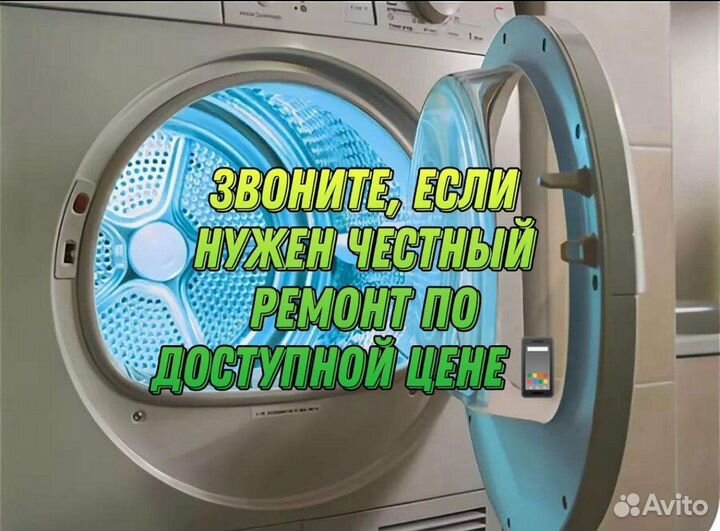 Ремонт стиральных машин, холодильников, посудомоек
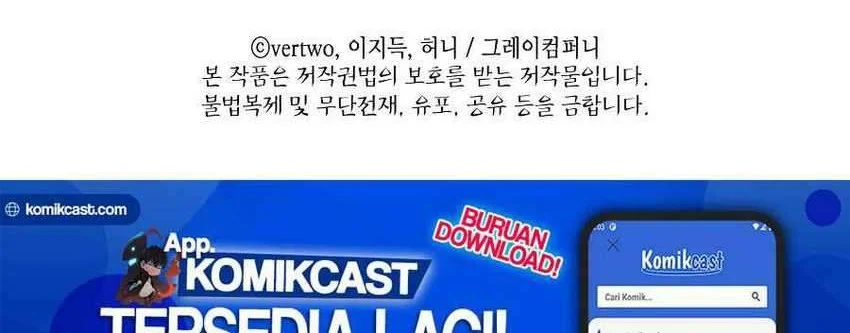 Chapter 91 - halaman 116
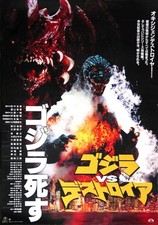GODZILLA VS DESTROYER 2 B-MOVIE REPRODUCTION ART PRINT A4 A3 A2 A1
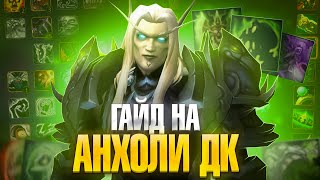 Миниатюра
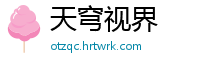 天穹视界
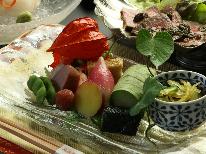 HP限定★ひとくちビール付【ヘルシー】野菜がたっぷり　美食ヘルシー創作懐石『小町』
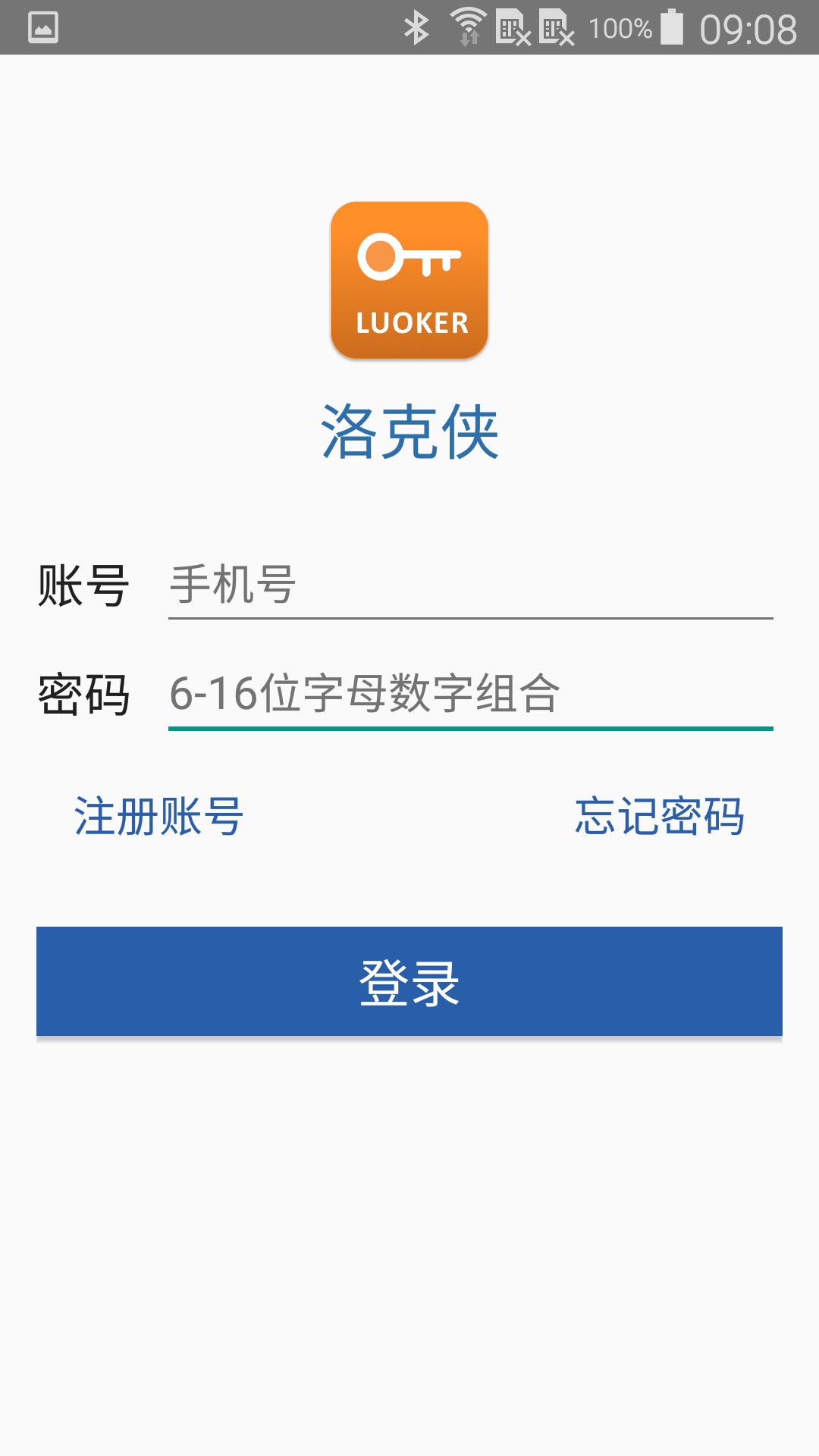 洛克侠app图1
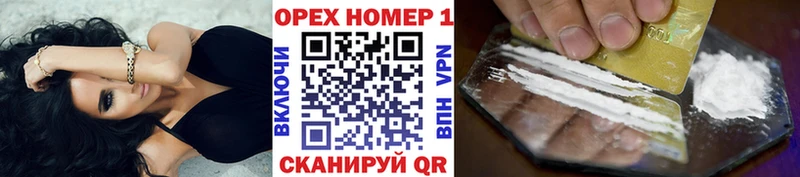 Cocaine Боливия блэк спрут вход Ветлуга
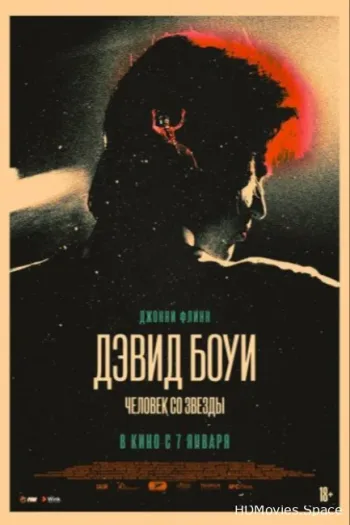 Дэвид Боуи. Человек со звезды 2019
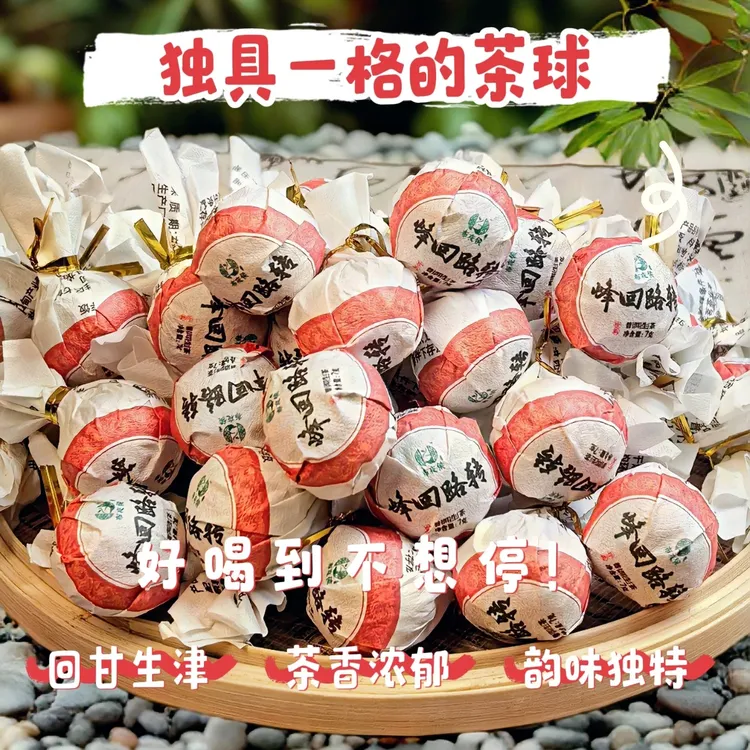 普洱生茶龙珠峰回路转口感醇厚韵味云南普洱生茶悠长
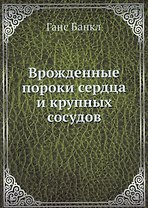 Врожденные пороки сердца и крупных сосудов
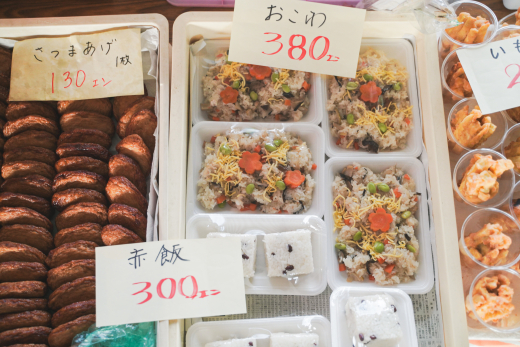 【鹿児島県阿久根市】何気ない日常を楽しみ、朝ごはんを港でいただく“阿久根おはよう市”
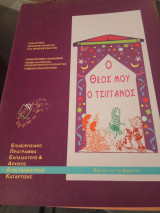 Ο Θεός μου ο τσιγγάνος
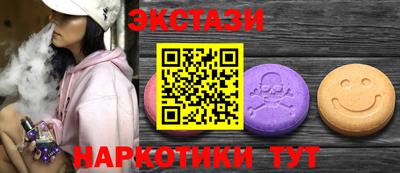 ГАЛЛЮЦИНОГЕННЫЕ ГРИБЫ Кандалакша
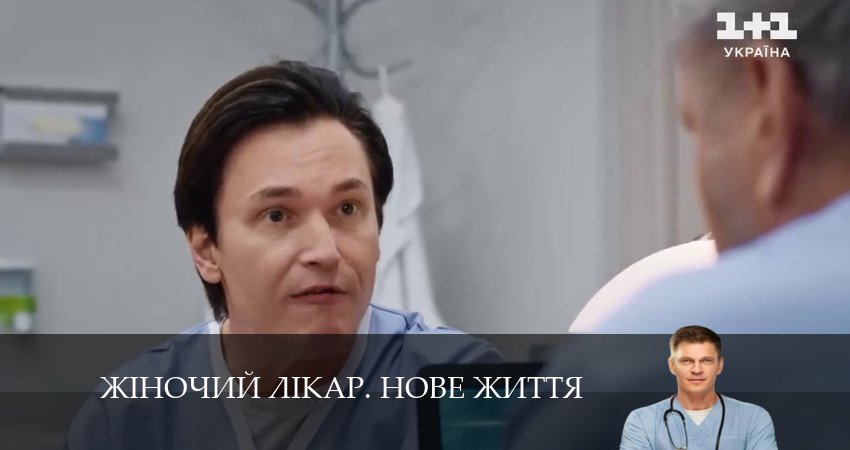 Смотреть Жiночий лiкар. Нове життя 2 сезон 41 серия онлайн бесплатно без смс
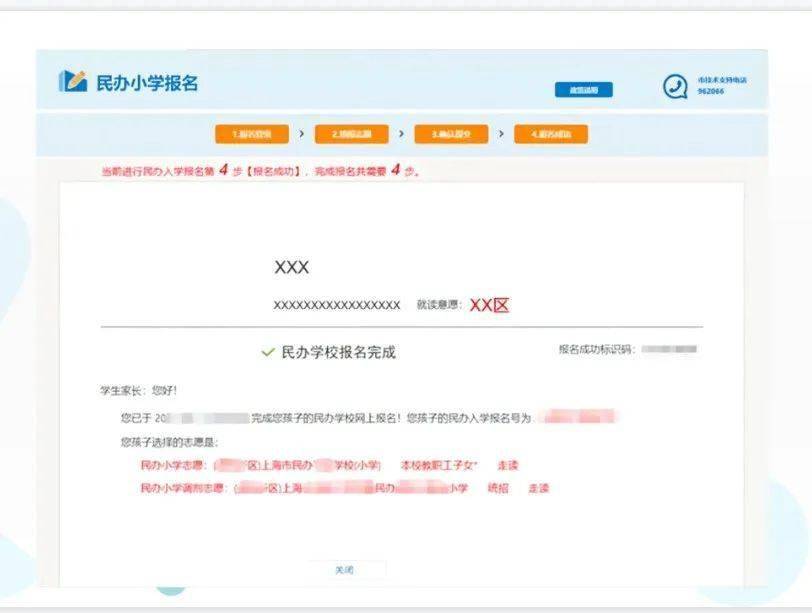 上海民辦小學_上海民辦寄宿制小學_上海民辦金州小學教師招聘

· · · · · · ·

Everything in the records that precede this task must be written out again exactly, except the pictures.

§ **TASK ANSWER**:
 Ремонт стиральных машин, холодильников, посудомоек
 Chapter 91 - halaman 116
GODZILLA VS DESTROYER 2 B-MOVIE REPRODUCTION ART PRINT A4 A3 A2 A1
 Миниатюра
 天穹视界
 HP限定★ひとくちビール付【ヘルシー】野菜がたっぷり　美食ヘルシー創作懐石『小町』
 洛克侠app图1
 Cocaine Боливия блэк спрут вход Ветлуга
 Дэвид Боуи. Человек со звезды 2019
 普洱生茶龙珠峰回路转口感醇厚韵味云南普洱生茶悠长
 Врожденные пороки сердца и крупных сосудов
 【鹿児島県阿久根市】何気ない日常を楽しみ、朝ごはんを港でいただく“阿久根おはよう市”
 Ο Θεός μου ο τσιγγάνος
 ГАЛЛЮЦИНОГЕННЫЕ ГРИБЫ Кандалакша
 Смотреть Жiночий лiкар. Нове життя 2 сезон 41 серия онлайн бесплатно без смс
 上海民辦小學_上海民辦寄宿制小學_上海民辦金州小學教師招聘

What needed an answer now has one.